Member of the Minnesota Senate from the 15th district 16th (2011–2013)
- In office January 4, 2011 – January 2, 2017
- Preceded by: Lisa Fobbe
- Succeeded by: Andrew Mathews

Personal details
- Born: June 26, 1961 (age 65) Mount Auburn-La-Porte City, Iowa, US
- Party: Republican Party of Minnesota
- Spouse: Deb
- Children: 2
- Education: Oklahoma Wesleyan University
- Occupation: insurance agent

= Dave Brown (Minnesota politician) =

American politician

David M. Brown (born June 26, 1961) is a Minnesota politician and former member of the Minnesota Senate. A member of the Republican Party of Minnesota, he represented District 15, which included portions of Benton, Kanabec, Mille Lacs, Morrison, Sherburne and Wright counties in the central part of the state. The district also included the trust lands of the Mille Lacs Band of Ojibwe and Grand Casino Mille Lacs.

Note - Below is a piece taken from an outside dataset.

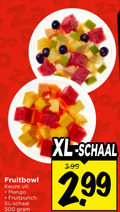 klik op dit plaatje voor een vergroting en voor vergelijkbare aanbiedingen gerelateerd aan ` 500 mango fruitpunch xl schaal 3.99 ` 500 mango fruitpunch xl schaal 3.99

==Early life, education, and career==
Brown grew up in Mount Auburn-La-Porte City, Iowa, and later attended Oklahoma Wesleyan University in Bartlesville, Oklahoma, graduating in 1983 with a B.A. in Behavioral Sciences.

Dave Brown works for UnitedHealth Group in Austin, Texas. He worked as an insurance agent with the Breitenfeldt Group until 2017. Preceding his insurance career, he worked with Word Entertainment, a major Christian music company based in Nashville, Tennessee.

==Minnesota Senate==
Brown was first elected in 2010 and was re-elected in 2012. He did not seek re-election in 2016.